‘Suç ve Ceza.’ Dostoyevski’nin şaheseri. Hayır, bir Raskolnikov analizi yapmaya niyetim yok bugün.
Sadece ‘suç’ ve ‘ceza’ kelimelerini yan yana görmek istedim.
‘Suç’u işlersin ve eğer adalet diye bir şey varsa ‘ceza’nı çekersin.
Sanki şöyle bir şey: Belirlenmiş suçlar var ve o suçlar için belirlenmiş, maktu cezalar var.
Ne kadar suç, o kadar ceza.
Suç ve ceza ilişkisi doğrudur. Fakat ‘ceza’ kavramının arkasında yatan mantık aslında başka bir şeydir.
Nedir?
Emniyet.

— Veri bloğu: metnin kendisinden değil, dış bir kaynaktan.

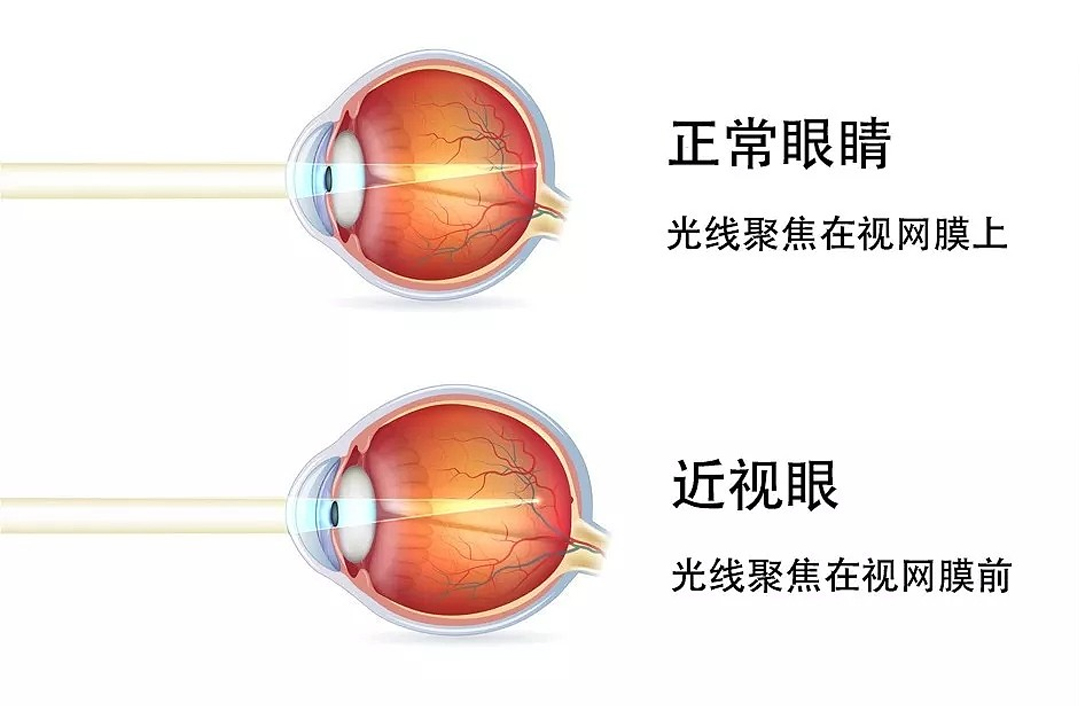 近视眼轴成像.jpg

Veya güvenlik.
‘Ceza hukuku’ dediğimiz mevzuat mecmuasının maksadı emniyeti sağlamaktır.
Hangi emniyet?
Eski kitaplarda geçer, beş tane sayarlar: Din emniyeti, can emniyeti, mal emniyeti, akıl emniyeti, nesil emniyeti.
‘Kısas’, mesela ‘can emniyeti’, yani daha güncel bir dille söylersek ‘yaşama hakkı’nın korunması içindir.

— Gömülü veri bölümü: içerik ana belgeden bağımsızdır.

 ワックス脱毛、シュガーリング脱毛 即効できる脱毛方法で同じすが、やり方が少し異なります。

Güvenlikle ceza arasındaki ilişki, suç ile ceza arasındaki ilişki kadar geçerlidir hatta daha derinlikli bir ilişkidir.
Görebildiğim kadarıyla ‘ceza’nın ‘güvenlik’ boyutu, şimdiki literatürde ‘caydırıcılık’ terimiyle izah ediliyor.
İdam cezası daha çok Batı’yla ilişkiler bağlamında tartışıldı. Ceza kaldırılırken de, cezanın yeniden mevzuata konulması düşünülürken de…
Suç ile ceza arasındaki, keza güvenlik ile ceza arasındaki bağıntı geri planda kaynadı gitti.
Kaynamasa iyi olur.
Adaleti icra ile mükellef olanın ‘ehliyet’i de asla ihmal edilmemesi gereken bir faktör.
İki gündür bir başka suç-ceza/güvenlik-ceza ilişkisi işgal ediyor gündemi.
Tecavüz.
Tecavüz, hem bedene hem ruha yapılan aşağılık bir saldırıdır.
Hayvanca mı?
Zannetmiyorum.
Hayvanlar aleminde böyle bir adiliğin bulunduğuna dair bir bilgiye sahip değilim.
Hele çocuklara yöneldiğinde adilik katmerleniyor.
Hukuk ruha ve bedene yönelen bu saldırıya, hem bu suçu cezalandırmayı hem de güvenliği sağlamayı gözeten bir ceza belirlemiş.
Güvenlik: Ruhun ve bedenin güvenliğinin yanı sıra insanların karşılıklı rıza ile evlenebilme güvenliği.